### Source data

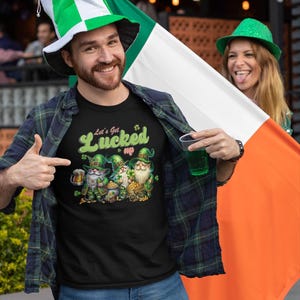 聖パトリックデーのラッキーレプラコーンユニセックスTシャツ、ビールシャムロック金貨アイルランドセレブレーションシャツ、幸運をつかもう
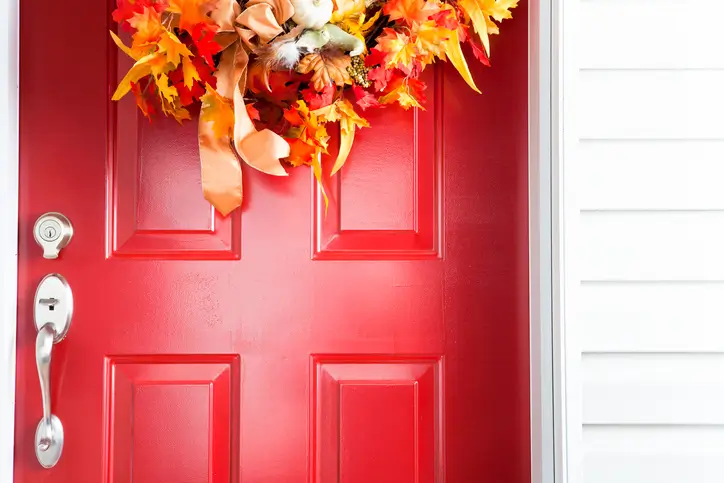 Red wooden front door on a home in PA or DM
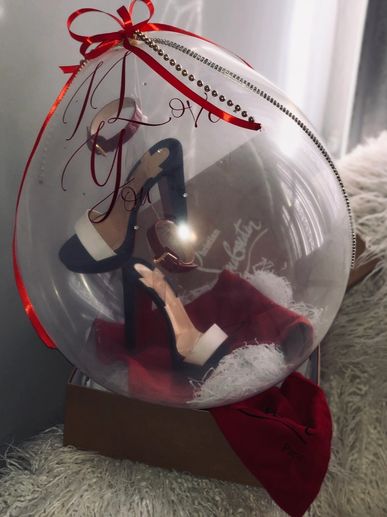 Stuffing balloon with shoes hanging inside 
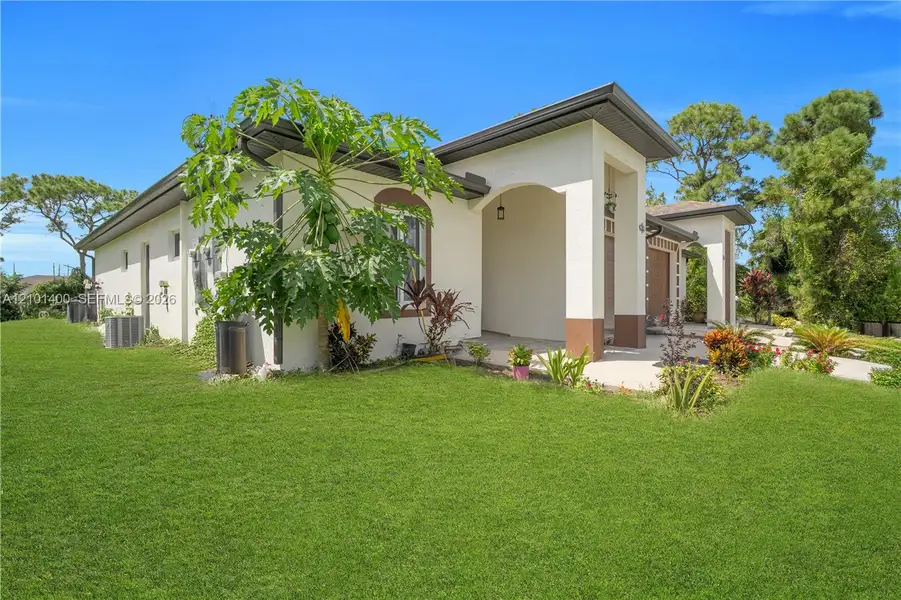 Exterior details and patio area of a home in , Lehigh Acres (Image 4).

######

- _Assignment_:
Copy the data exactly. Any picture it contains is to be omitted.

- _Output of the exercise_:
 聖パトリックデーのラッキーレプラコーンユニセックスTシャツ、ビールシャムロック金貨アイルランドセレブレーションシャツ、幸運をつかもう
 Red wooden front door on a home in PA or DM
 Stuffing balloon with shoes hanging inside 
 Exterior details and patio area of a home in , Lehigh Acres (Image 4).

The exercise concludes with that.